## EXERCISE REQUIREMENTS
At the line containing "Fuente Ordoño - imagen 5", begin an exact copy, and continue through the last line of the entries below. Leave out any pictures.

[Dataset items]
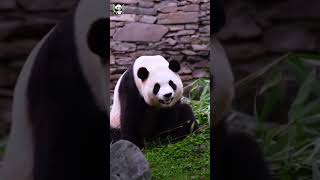 盘点福宝打喷嚏时的高光时刻#熊猫 #fubao #푸바오 #福宝 #panda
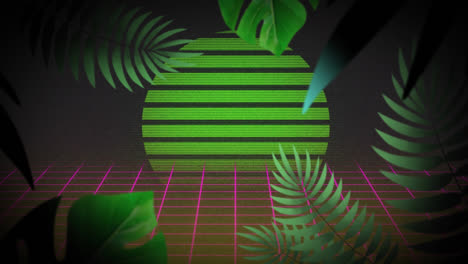 animation of green plants over grid and digital sun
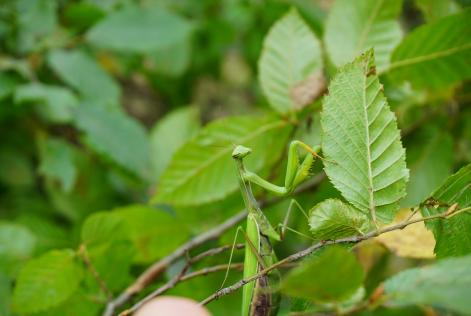 [CONSULTAZIONE] Revisione della Procedura sui Servizi Ecosistemici FSC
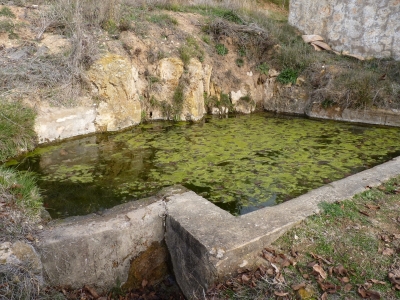 Fuente Ordoño - imagen 5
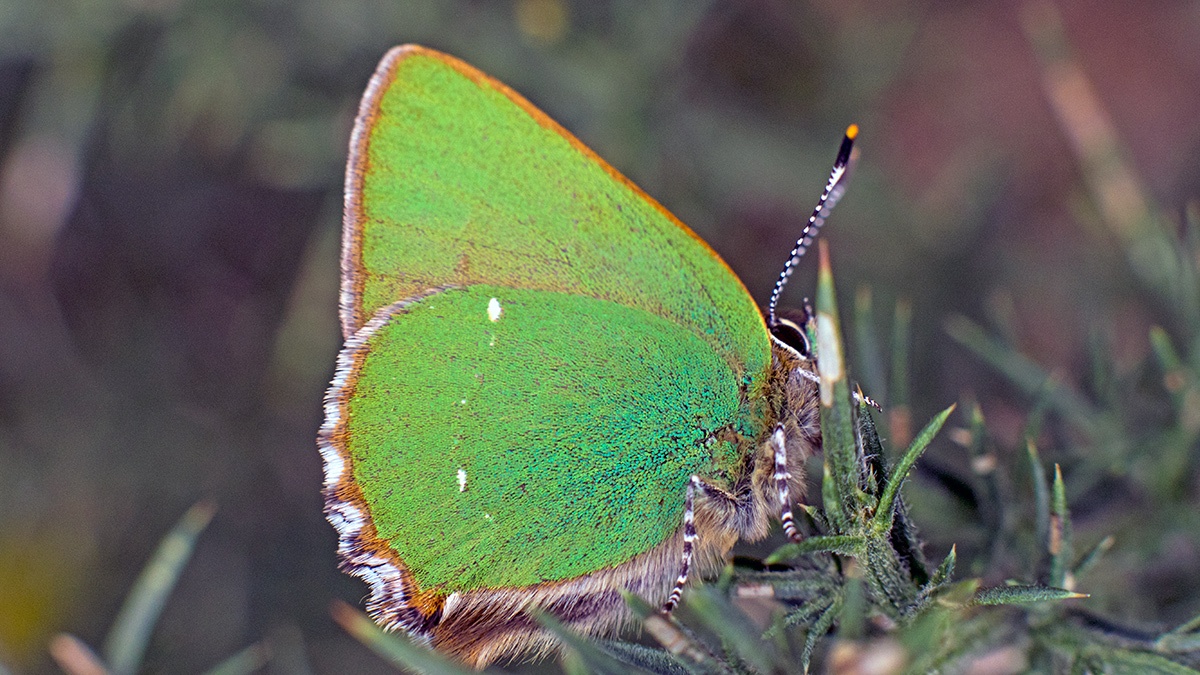 Green Hairstreak [Callophrys rubi]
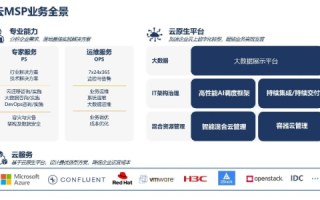 蓝队云使用心得体验与深度解析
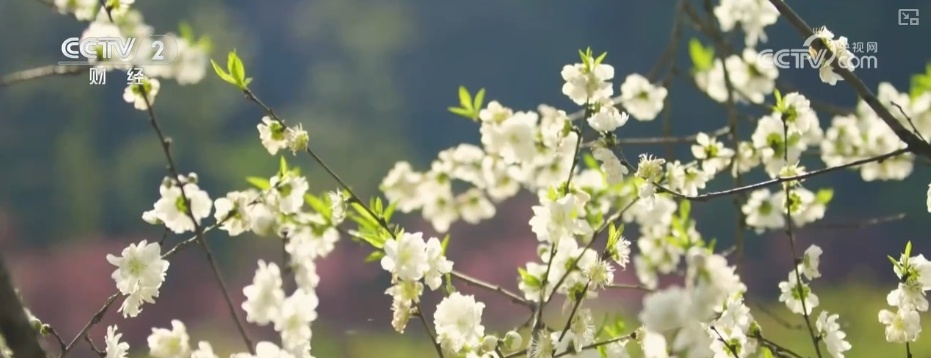 延长花期、定时开花 “鲜花经济”向“智”追“新”满是科技范儿 延长花期、定时开花 “鲜花经济”向“智”追“新”满是科技范儿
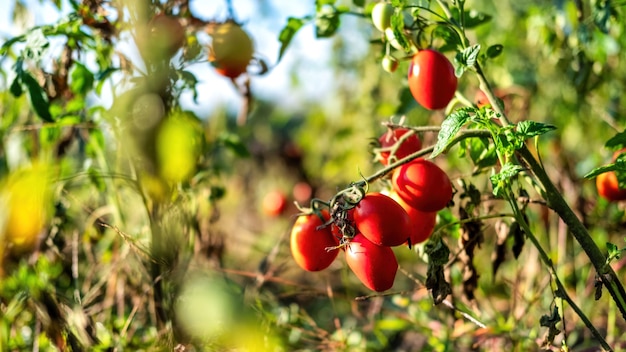 Vista de un arbusto de tomate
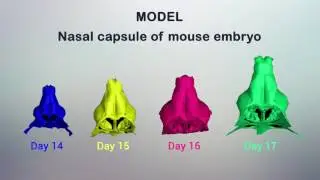 Oriented clonal cell dynamics enables accurate growth and shaping of vertebrate cartilage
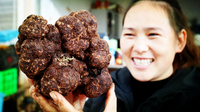 “巨无霸”黑松露亮相云南木水花野生菌交易市场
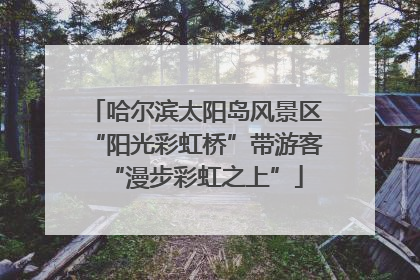 哈尔滨太阳岛风景区“阳光彩虹桥”带游客“漫步彩虹之上”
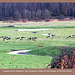 Canada Geese - Cuckmere Valley -  16.12.2011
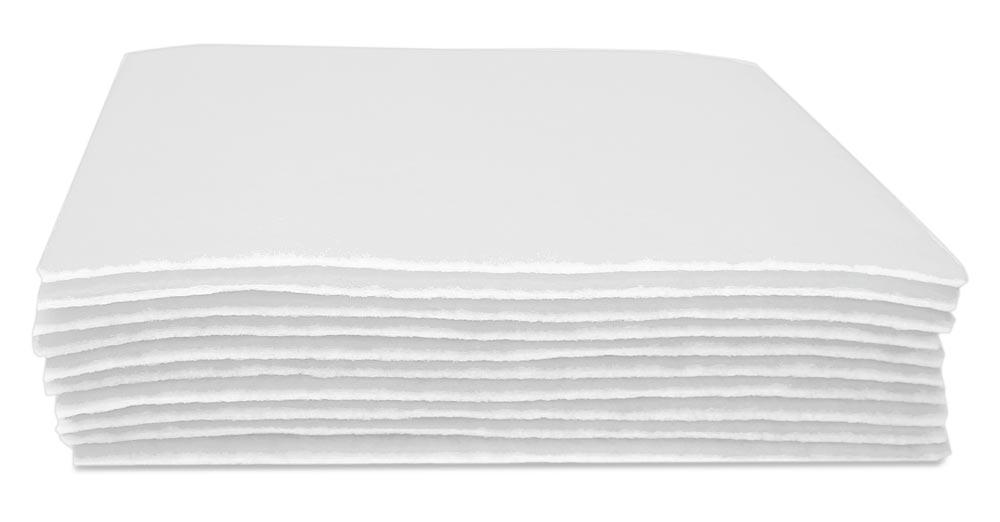 Satz Vorfiltermatten (10 Stück) für ProfiMaster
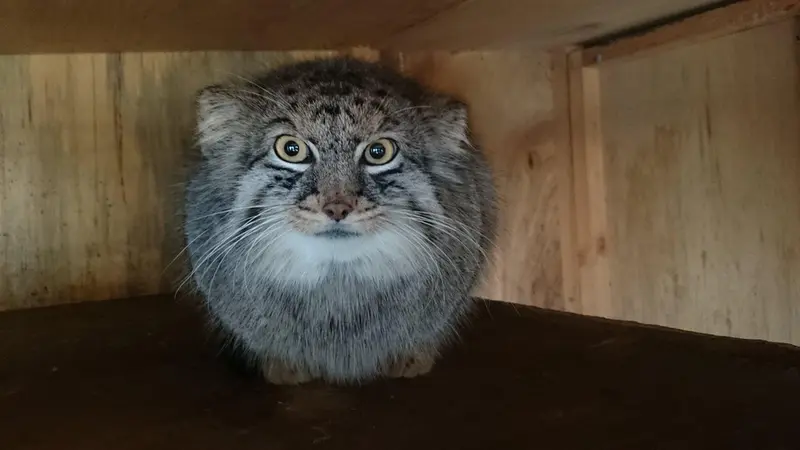埼玉県こども動物自然公園のシャルの写真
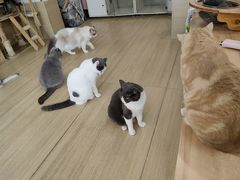 -是阿柴呀！柴犬咖啡·爱喵喵猫咖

## WRITTEN ANSWER
 Fuente Ordoño - imagen 5
 Green Hairstreak [Callophrys rubi]
 蓝队云使用心得体验与深度解析
 延长花期、定时开花 “鲜花经济”向“智”追“新”满是科技范儿 延长花期、定时开花 “鲜花经济”向“智”追“新”满是科技范儿
 Vista de un arbusto de tomate
 Oriented clonal cell dynamics enables accurate growth and shaping of vertebrate cartilage
 “巨无霸”黑松露亮相云南木水花野生菌交易市场
 哈尔滨太阳岛风景区“阳光彩虹桥”带游客“漫步彩虹之上”
 Canada Geese - Cuckmere Valley -  16.12.2011
 Satz Vorfiltermatten (10 Stück) für ProfiMaster
埼玉県こども動物自然公園のシャルの写真
 -是阿柴呀！柴犬咖啡·爱喵喵猫咖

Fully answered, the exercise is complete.